Read Michael Farrell's introduction to Crankhandle.
Crankhandle is the latest part of an ongoing Notebooks series, the first part of which was published as Sidetracks: Notebooks 1976–1991 (Auckland University Press 1998). Between Sidetracks and Crankhandle comes a longer unpublished section, Melbourne Journal: Notebooks 1998–2003, begun when I first came to Australia. From the beginning, these writings were never seen as notes or sketches towards poems that were yet to be fully realised – each entry was intended to be as finished an act of writing as any other, longer, individual work.
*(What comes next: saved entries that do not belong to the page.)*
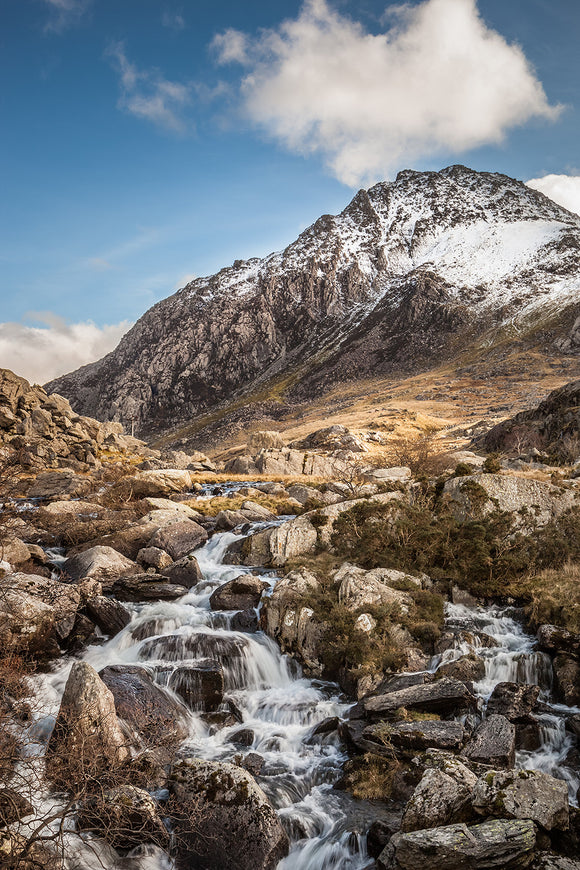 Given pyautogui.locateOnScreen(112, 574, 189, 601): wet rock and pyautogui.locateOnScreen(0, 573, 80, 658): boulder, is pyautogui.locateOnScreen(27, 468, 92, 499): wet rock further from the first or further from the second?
pyautogui.locateOnScreen(0, 573, 80, 658): boulder

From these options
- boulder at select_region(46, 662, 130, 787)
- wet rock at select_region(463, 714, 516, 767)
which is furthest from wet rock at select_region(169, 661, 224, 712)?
A: wet rock at select_region(463, 714, 516, 767)

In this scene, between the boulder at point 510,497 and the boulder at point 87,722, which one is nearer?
the boulder at point 87,722

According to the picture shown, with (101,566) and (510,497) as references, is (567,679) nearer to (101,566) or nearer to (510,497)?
(510,497)

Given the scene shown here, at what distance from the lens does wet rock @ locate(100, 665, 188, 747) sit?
13.3 meters

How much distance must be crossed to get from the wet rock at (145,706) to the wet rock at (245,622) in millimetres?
4686

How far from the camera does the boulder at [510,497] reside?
22625mm

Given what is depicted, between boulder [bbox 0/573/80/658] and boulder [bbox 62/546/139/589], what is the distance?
3.66 metres

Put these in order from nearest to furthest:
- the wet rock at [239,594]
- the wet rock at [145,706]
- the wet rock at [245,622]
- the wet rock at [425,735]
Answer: the wet rock at [425,735]
the wet rock at [145,706]
the wet rock at [245,622]
the wet rock at [239,594]

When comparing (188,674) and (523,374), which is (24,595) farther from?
(523,374)

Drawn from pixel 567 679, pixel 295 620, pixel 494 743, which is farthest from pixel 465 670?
pixel 295 620

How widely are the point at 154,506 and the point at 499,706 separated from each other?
28.8 meters

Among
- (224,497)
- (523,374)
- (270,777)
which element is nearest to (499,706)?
(270,777)

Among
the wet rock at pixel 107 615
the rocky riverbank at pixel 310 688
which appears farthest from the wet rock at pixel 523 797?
the wet rock at pixel 107 615

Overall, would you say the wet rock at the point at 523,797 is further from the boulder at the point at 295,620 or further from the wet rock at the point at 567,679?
the boulder at the point at 295,620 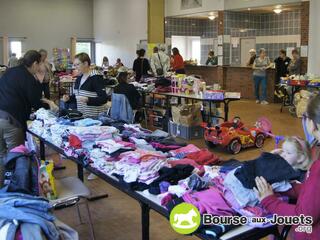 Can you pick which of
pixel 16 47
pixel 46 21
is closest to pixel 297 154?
pixel 16 47

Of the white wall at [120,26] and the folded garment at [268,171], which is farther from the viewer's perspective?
the white wall at [120,26]

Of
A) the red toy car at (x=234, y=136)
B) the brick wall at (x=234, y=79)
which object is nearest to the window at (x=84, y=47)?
the brick wall at (x=234, y=79)

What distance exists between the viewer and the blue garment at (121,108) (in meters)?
6.10

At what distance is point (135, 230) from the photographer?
3504mm

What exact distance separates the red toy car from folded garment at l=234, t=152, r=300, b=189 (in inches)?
166

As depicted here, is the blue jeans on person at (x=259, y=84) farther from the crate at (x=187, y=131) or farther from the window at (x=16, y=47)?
the window at (x=16, y=47)

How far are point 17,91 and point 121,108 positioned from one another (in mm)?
2551

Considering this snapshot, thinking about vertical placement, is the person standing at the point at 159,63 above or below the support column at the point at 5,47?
below

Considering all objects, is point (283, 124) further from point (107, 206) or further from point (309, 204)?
point (309, 204)

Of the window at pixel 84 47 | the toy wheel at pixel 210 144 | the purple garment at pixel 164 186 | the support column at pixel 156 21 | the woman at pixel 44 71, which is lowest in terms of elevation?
the toy wheel at pixel 210 144

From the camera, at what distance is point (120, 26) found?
17.0 meters

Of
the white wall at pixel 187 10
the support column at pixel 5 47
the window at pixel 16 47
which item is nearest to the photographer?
the white wall at pixel 187 10

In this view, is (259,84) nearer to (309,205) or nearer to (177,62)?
(177,62)

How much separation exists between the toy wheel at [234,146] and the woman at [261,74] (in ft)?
19.2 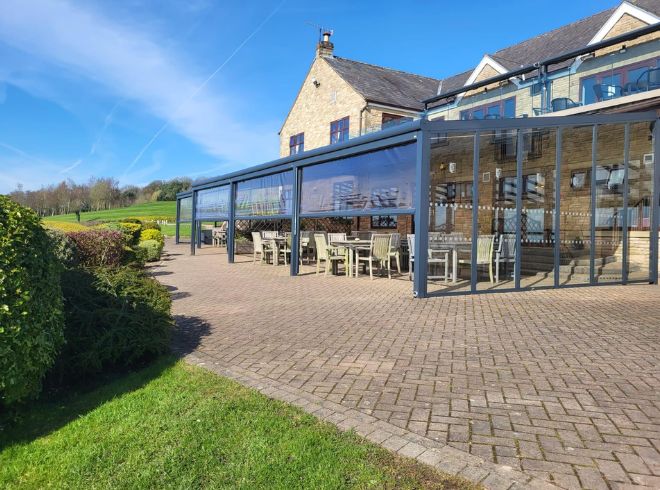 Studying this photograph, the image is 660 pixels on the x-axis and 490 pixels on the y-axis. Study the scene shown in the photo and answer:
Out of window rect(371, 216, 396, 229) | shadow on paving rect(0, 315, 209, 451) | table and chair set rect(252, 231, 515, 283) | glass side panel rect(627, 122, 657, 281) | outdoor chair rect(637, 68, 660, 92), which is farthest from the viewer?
window rect(371, 216, 396, 229)

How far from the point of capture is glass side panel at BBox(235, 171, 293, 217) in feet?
45.5

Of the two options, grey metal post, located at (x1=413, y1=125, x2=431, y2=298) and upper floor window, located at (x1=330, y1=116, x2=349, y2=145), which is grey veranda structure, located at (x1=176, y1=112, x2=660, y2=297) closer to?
grey metal post, located at (x1=413, y1=125, x2=431, y2=298)

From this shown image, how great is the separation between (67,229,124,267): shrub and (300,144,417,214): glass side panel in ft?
16.3

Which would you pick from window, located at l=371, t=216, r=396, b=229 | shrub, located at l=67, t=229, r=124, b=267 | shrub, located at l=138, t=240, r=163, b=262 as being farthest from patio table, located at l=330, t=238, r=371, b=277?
shrub, located at l=138, t=240, r=163, b=262

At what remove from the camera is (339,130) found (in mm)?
22578

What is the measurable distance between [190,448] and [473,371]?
Result: 8.39 feet

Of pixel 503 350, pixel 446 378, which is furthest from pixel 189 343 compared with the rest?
pixel 503 350

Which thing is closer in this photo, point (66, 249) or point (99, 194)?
point (66, 249)

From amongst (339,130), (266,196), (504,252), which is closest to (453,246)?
(504,252)

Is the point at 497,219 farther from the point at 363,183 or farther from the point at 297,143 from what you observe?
the point at 297,143

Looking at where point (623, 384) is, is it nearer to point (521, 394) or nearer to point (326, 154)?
point (521, 394)

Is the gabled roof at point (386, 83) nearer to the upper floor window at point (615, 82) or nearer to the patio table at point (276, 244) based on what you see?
the upper floor window at point (615, 82)

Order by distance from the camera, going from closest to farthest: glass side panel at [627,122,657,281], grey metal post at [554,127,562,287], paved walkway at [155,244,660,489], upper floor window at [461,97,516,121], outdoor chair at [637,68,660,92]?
paved walkway at [155,244,660,489] < grey metal post at [554,127,562,287] < glass side panel at [627,122,657,281] < outdoor chair at [637,68,660,92] < upper floor window at [461,97,516,121]

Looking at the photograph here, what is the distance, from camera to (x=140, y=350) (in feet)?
13.8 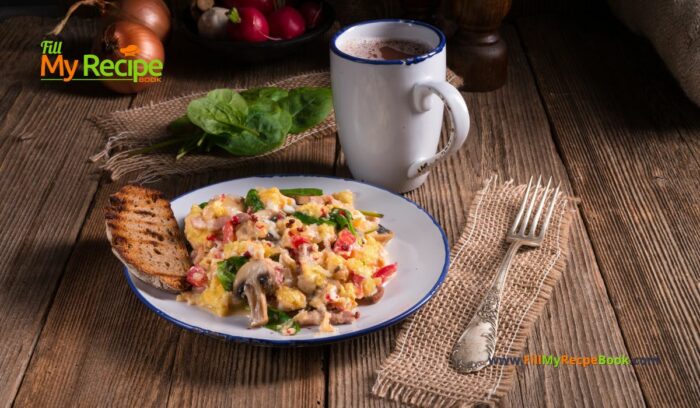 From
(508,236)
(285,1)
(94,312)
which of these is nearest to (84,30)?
(285,1)

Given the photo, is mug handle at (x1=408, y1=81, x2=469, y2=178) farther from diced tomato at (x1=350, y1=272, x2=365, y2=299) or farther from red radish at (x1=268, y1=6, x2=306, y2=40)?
red radish at (x1=268, y1=6, x2=306, y2=40)

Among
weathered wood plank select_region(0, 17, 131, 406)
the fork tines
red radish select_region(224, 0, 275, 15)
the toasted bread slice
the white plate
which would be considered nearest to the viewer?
the white plate

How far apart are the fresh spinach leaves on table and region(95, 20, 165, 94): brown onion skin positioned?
1.30ft

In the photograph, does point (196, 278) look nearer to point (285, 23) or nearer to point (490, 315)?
point (490, 315)

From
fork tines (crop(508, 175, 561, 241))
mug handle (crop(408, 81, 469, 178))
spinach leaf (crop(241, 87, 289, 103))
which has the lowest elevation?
spinach leaf (crop(241, 87, 289, 103))

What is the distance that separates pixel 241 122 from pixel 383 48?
15.8 inches

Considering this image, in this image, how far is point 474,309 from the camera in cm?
146

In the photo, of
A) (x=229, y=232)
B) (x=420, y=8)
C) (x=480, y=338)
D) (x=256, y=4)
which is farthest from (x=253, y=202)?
(x=420, y=8)

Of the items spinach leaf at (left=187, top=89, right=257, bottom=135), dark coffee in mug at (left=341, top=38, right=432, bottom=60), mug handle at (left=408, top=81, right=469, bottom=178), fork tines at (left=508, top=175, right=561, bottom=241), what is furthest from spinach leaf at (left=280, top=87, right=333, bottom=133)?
fork tines at (left=508, top=175, right=561, bottom=241)

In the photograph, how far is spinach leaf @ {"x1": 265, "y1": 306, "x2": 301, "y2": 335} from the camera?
130cm

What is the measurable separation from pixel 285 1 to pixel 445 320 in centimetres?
156

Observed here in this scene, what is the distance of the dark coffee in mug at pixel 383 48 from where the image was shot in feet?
5.90

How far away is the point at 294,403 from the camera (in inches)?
50.8

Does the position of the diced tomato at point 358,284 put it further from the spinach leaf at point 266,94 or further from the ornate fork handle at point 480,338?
the spinach leaf at point 266,94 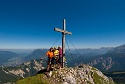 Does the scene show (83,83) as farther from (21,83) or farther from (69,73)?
(21,83)

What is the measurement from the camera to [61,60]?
126ft

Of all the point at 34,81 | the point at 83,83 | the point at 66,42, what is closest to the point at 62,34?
the point at 66,42

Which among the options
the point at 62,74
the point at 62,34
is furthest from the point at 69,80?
the point at 62,34

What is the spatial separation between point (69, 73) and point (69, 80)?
261 centimetres

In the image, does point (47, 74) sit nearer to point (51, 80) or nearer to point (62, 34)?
point (51, 80)

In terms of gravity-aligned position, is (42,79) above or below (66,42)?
below

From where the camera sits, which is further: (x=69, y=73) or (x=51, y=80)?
(x=69, y=73)

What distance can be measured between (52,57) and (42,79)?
5.21 metres

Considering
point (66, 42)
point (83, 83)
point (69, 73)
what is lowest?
point (83, 83)

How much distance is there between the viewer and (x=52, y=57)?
3753 cm

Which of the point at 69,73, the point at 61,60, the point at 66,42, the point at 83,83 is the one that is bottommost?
the point at 83,83

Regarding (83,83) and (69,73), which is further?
(83,83)

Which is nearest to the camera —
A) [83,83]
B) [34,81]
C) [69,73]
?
[34,81]

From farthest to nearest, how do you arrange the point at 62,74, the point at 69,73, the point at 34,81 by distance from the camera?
1. the point at 69,73
2. the point at 62,74
3. the point at 34,81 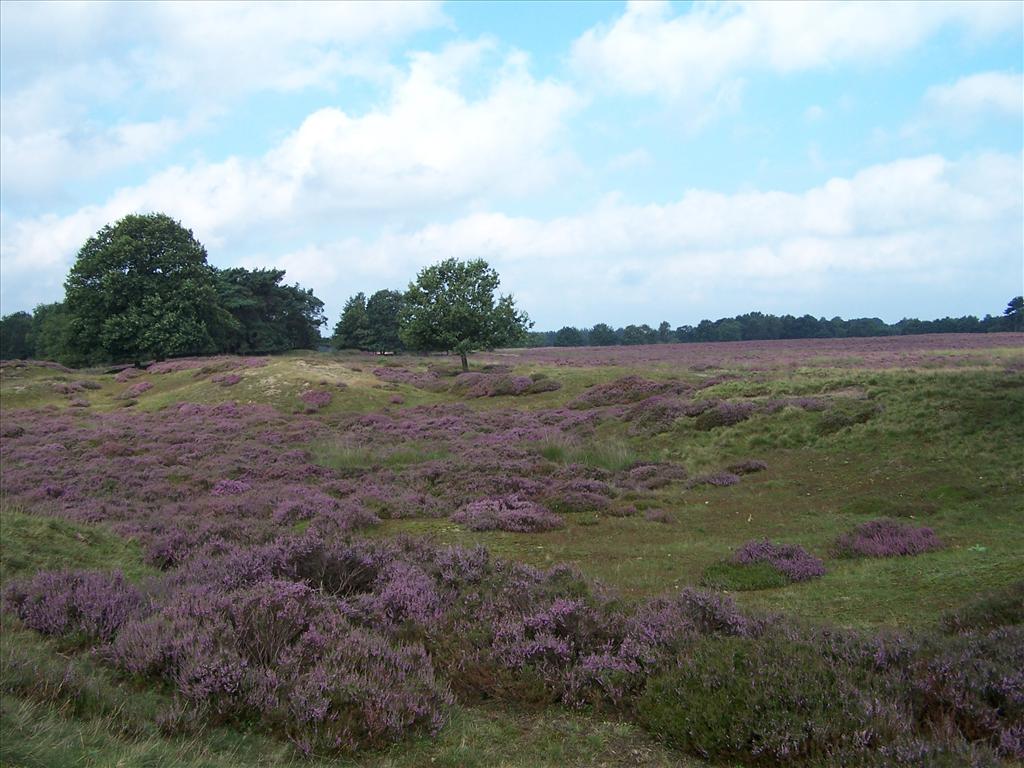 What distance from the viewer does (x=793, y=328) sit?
323 feet

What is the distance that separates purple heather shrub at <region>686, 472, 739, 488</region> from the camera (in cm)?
1582

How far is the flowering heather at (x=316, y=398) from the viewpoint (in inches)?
1297

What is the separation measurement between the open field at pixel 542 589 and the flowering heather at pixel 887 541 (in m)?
0.07

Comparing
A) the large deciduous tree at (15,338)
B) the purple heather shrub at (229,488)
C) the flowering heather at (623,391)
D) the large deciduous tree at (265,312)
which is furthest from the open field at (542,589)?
the large deciduous tree at (15,338)

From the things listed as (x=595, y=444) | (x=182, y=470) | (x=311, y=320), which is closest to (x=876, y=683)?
(x=595, y=444)

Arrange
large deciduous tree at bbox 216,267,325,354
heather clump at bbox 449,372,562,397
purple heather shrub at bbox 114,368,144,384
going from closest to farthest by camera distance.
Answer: heather clump at bbox 449,372,562,397 < purple heather shrub at bbox 114,368,144,384 < large deciduous tree at bbox 216,267,325,354

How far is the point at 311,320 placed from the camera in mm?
74500

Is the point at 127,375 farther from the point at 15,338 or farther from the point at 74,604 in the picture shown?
the point at 15,338

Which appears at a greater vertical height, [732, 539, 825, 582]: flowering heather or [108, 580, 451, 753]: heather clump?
[108, 580, 451, 753]: heather clump

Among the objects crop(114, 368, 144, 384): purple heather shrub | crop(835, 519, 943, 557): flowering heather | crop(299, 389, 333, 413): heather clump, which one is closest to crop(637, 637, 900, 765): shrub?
crop(835, 519, 943, 557): flowering heather

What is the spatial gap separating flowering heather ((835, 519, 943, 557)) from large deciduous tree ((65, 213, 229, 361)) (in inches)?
2054

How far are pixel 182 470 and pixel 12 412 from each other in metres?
19.7

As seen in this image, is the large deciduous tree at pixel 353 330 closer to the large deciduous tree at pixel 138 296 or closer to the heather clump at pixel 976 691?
the large deciduous tree at pixel 138 296

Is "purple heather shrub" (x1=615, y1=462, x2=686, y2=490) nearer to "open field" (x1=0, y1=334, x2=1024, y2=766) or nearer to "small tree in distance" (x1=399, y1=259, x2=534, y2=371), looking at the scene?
"open field" (x1=0, y1=334, x2=1024, y2=766) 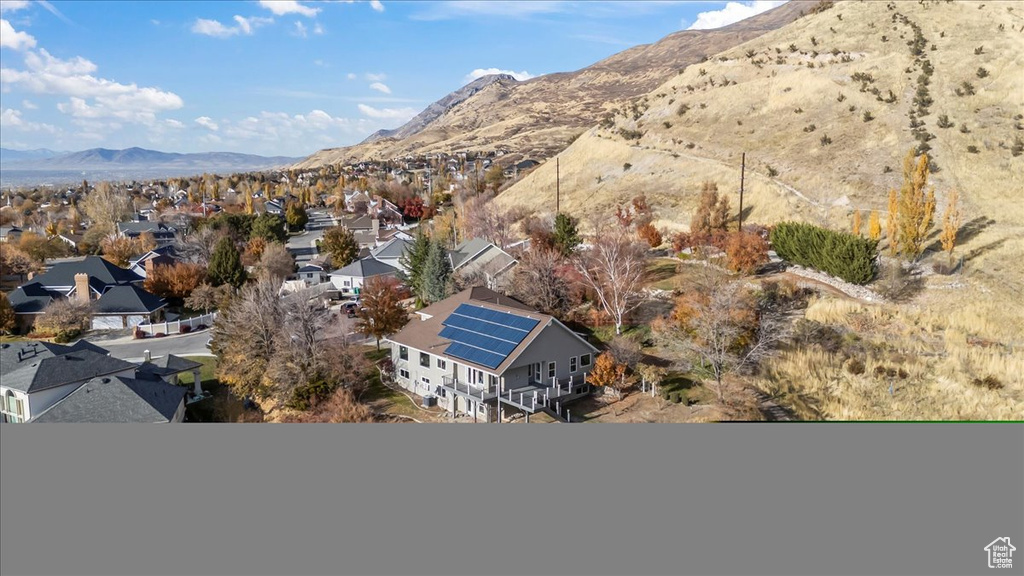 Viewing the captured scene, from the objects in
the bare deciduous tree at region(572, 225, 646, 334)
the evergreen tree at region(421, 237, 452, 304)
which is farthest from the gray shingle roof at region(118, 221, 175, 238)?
the bare deciduous tree at region(572, 225, 646, 334)

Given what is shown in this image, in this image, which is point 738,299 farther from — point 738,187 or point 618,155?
point 618,155

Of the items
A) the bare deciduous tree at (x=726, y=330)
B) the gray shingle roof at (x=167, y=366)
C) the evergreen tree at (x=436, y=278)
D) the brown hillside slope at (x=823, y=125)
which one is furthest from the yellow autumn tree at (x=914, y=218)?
the gray shingle roof at (x=167, y=366)

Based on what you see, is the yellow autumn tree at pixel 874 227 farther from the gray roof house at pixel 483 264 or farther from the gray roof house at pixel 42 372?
the gray roof house at pixel 42 372

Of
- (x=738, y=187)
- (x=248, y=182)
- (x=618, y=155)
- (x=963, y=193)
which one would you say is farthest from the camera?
(x=248, y=182)

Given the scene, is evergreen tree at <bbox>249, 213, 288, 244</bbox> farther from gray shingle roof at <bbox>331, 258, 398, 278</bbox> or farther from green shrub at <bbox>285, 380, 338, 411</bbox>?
green shrub at <bbox>285, 380, 338, 411</bbox>

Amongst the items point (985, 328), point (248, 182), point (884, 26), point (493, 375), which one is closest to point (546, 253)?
point (493, 375)

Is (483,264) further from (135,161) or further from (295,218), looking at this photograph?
(295,218) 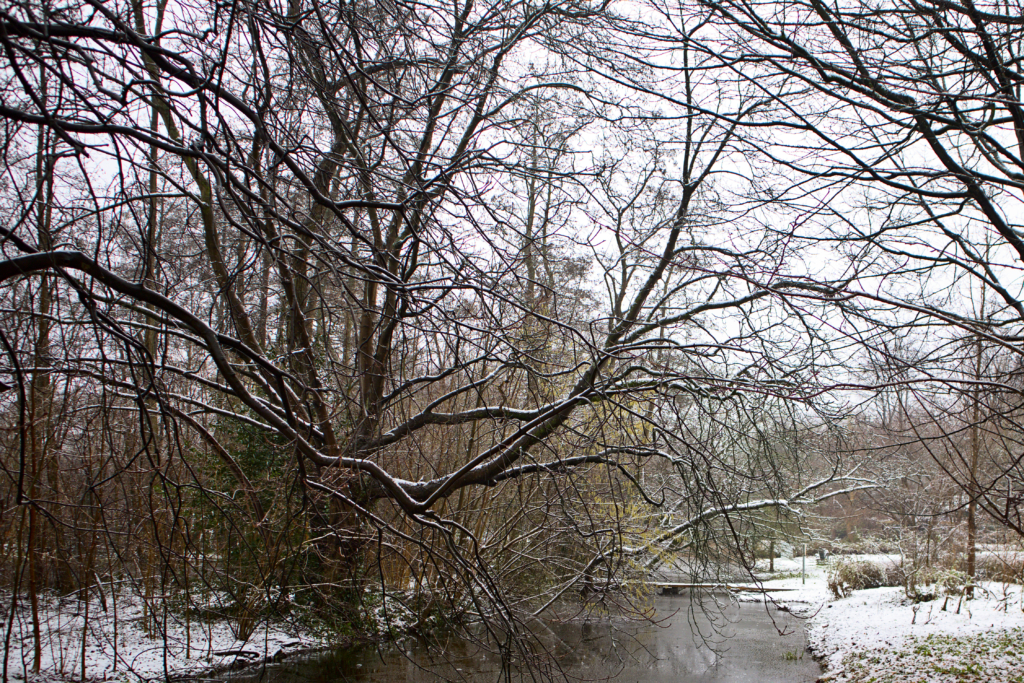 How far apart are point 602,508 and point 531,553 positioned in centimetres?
120

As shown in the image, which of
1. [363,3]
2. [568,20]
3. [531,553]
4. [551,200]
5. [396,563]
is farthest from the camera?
[396,563]

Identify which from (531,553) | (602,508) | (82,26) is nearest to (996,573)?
(602,508)

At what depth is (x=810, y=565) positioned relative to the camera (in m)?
25.4

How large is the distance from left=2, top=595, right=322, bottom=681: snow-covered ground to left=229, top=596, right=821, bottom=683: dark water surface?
1.51ft

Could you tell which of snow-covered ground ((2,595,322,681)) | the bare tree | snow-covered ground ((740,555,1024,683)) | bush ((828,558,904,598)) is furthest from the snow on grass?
snow-covered ground ((2,595,322,681))

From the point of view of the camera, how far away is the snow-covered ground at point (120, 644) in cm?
644

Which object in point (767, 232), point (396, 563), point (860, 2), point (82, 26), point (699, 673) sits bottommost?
point (699, 673)

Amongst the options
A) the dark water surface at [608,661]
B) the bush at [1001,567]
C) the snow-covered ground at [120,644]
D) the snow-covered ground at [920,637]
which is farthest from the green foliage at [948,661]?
the snow-covered ground at [120,644]

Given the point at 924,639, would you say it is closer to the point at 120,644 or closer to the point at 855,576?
the point at 855,576

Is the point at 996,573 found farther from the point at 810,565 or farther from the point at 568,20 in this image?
the point at 810,565

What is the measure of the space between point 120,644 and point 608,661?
5.65m

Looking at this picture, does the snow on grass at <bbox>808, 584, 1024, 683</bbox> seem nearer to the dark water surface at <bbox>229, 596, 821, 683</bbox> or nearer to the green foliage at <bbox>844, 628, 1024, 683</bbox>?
the green foliage at <bbox>844, 628, 1024, 683</bbox>

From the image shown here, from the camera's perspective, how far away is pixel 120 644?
738cm

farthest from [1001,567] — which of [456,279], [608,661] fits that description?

Over the nearly forty years of this endeavour, there have of course been gaps, but the Notebooks provide a way for me to be quickly attentive to my environment, and to circumstances of wherever I might happen to be sitting, standing, waiting, travelling at any time. Perhaps one could speak of the individual pieces as ‘fragments’, but they are not fragments in the way that ancient Greek poetry has come to us on torn, worn, eaten, half-destroyed bits of papyrus. If these works are fragments, then each of Ezra Pound’s cantos are also fragments, placed against the totality of all poetry, from all over the planet, and from throughout recorded world history. In this sense, fragments are all we have, and will ever have. If some are very long and some very short, then that is simply how things are.